• **WORK REQUEST**
Your copy should match the listing below word for word, with no images in it.

• **DATA SEGMENT**
======

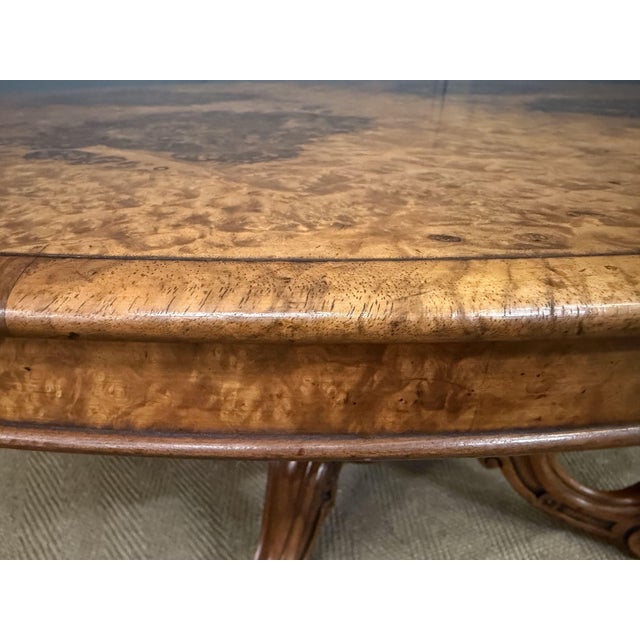 An attractive mid-Victorian period burr walnut coffee table. Of oval form and of generous proportions. Very well...
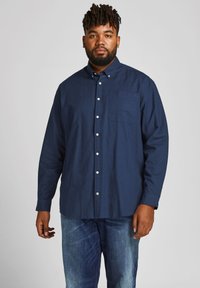 Marineblaue Button-Down-Hem mit spitzem Kragen, Brusttasche und langen Ärmeln; aus strukturiertem Baumwollstoff gefertigt. Kombiniert mit Jeans.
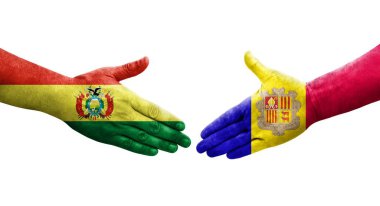 Andorra ve Bolivya bayrakları arasındaki el sıkışma ellerinde, izole şeffaf görüntü.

======

• **RESULT OF THE TASK**
 An attractive mid-Victorian period burr walnut coffee table. Of oval form and of generous proportions. Very well...
 Marineblaue Button-Down-Hem mit spitzem Kragen, Brusttasche und langen Ärmeln; aus strukturiertem Baumwollstoff gefertigt. Kombiniert mit Jeans.
 Andorra ve Bolivya bayrakları arasındaki el sıkışma ellerinde, izole şeffaf görüntü.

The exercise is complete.